Some players manage to leave an indelible mark for their on-field excellence. A smaller number are remembered for their off-field contributions.
Then there’s Chris Long.
While he has only spent two seasons here, Long leaves a legacy that Philadelphia fans should celebrate for years.
I bring this up today because it’s increasingly apparent Long’s days as an Eagle are over. He has hinted since the season ended that he’s unlikely to return, and made it more clear last Friday, tweeting: “I’m not willing to come back and play 10-15 base plays a game. I’m overqualified and it’s a lot of sacrifice... when I don’t have any opportunities to help the team.”
As a player, Long was good, not great, in midnight green over the past two seasons. We didn’t get the best of his career, most of which came in St. Louis.
Still, he totaled 11.5 sacks and 38 quarterback hits. Along with that came six forced fumbles – mostly at critical points in games. He also had a key recovery of a Case Keenum fumble in the 2017 NFC Championship Game against Minnesota.
More so, Long will be remembered as a terrific guy in the locker room and the community. Former Eagles tight end Brent Celek called him, “one of the greatest teammates I’ve ever had.” Celek and Long stood together, if you recall, at the Eagles Super Bowl LII celebration, Celek wearing a throwback Harold Carmichael jersey and Long adorned in an Allen Iverson jersey and full-length fur coat.
The NFL recognized Long in February with its Walter Payton Man of the Year Award, which honors a player's volunteer and charity work, as well as his excellence on the field. Long’s good deeds are too many to list here, but they start with his “Waterboys” foundation, which has brought clean water to more than 211,000 impoverished people in East Africa.
And don’t forget that Long donated his entire $1 million 2017 salary to charities funding scholarships and promoting educational equality. This came after he was appalled by the violent White Nationalist protests in his hometown of Charlottesville, VA.
When he received the Walter Payton Award, Long said, “The best teammates we have are our fans. They’re the lifeblood of our productivity.” He specifically thanked Eagles rooters, saying, “You’re all a part of my fabric forever.”
He often interacts with those fans — plus a few critics _ on Twitter (@JOEL9ONE
), offering candid opinions and occasionally acerbic commentary.

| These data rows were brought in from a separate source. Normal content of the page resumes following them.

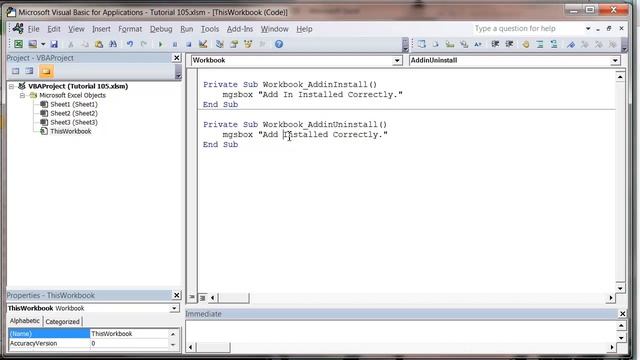 Excel 2010 VBA Tutorial 105 - Add-In Events смотреть онлайн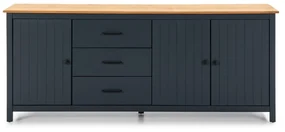Comodă albastru-închis din lemn masiv de pin 190x80 cm Miranda – Marckeric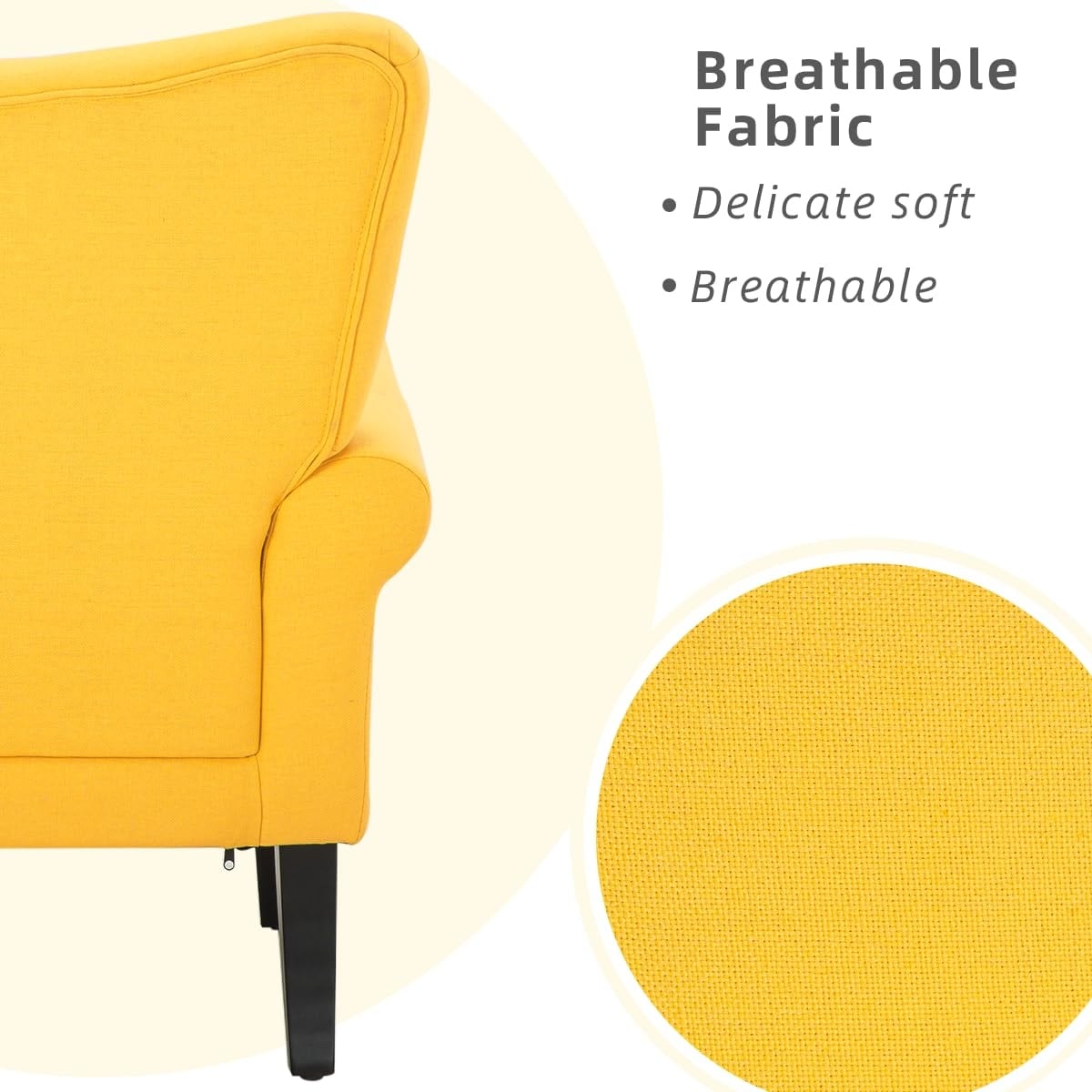 Fauteuil d'appoint moderne Erommy, fauteuil à dossier haut, canapé simple en tissu rembourré avec pieds en bois pour salon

And this month, Long began writing a weekly “Game of Thrones” wrap up for Sports Illustrated that’s a must-read for any GOT geek.

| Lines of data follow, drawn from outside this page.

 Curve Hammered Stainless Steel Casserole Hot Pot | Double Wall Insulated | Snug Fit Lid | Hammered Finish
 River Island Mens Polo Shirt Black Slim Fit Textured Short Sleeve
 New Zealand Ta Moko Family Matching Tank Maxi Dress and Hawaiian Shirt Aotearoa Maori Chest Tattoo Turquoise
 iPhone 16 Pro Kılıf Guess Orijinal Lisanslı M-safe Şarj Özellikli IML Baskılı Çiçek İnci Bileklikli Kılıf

I’ve covered sports in Philadelphia for three decades. The current batch of Eagles — including guys like Malcolm Jenkins, Lane Johnson, and Carson Wentz — is the most solid, fan-friendly, community-oriented team I’ve seen.

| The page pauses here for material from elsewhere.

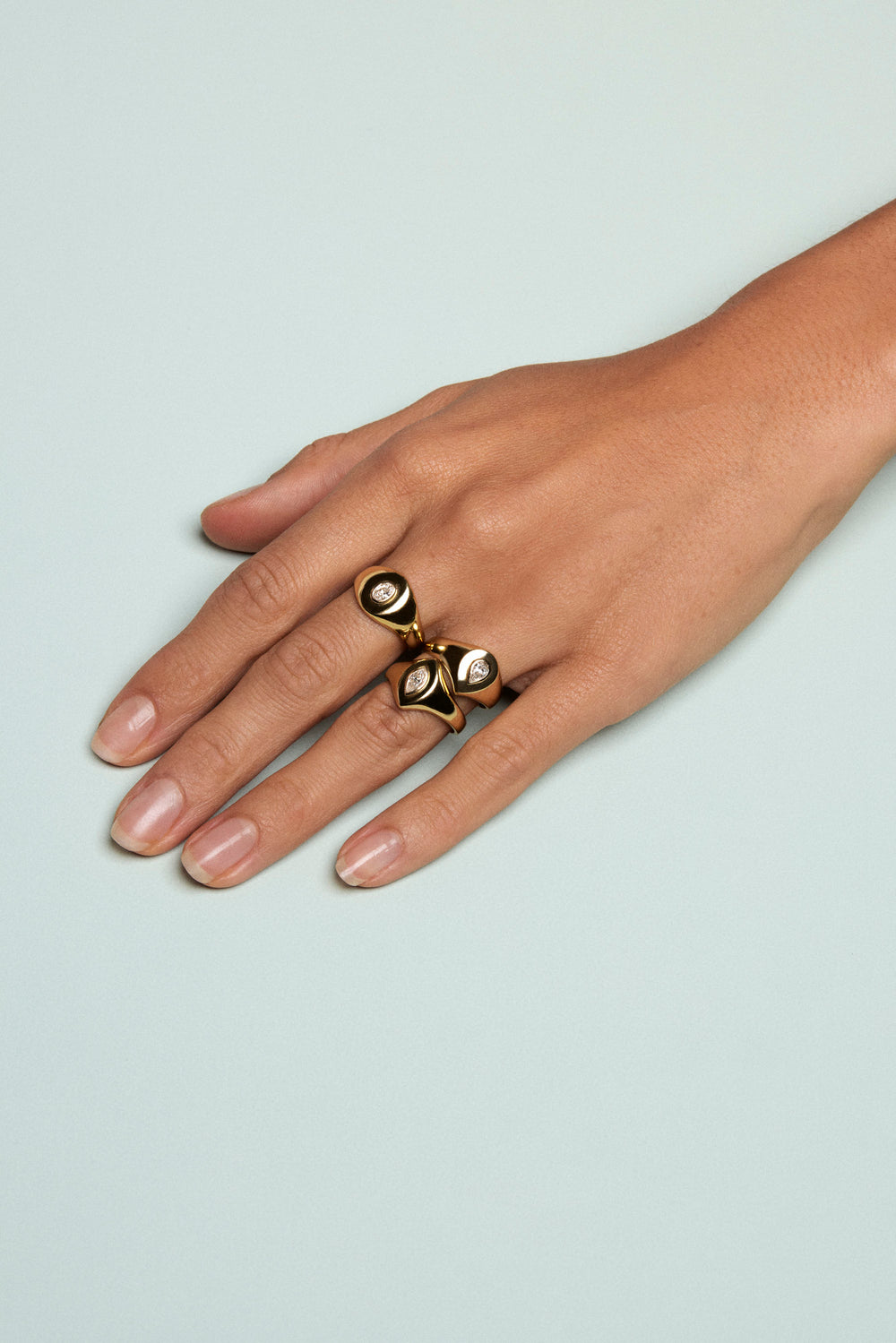 Marquise Diamond Signet Ring | Yellow Gold| Natasha Schweitzer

Since last season ended, Long and his coaches apparently talked honestly about his role for 2019. The Eagles have signed defensive end Vinny Curry in free agency and drafted Penn State’s Shareef Miller. Long sees little room for himself in the rotation.
So, by his choice, he will likely move on. I’m not sure whether he’ll retire at 34 or try to help another team win the Super Bowl. I’ll wish him the best in whatever he takes on.
The nature of pro sports is that players come and go. This one, we should make sure to remember.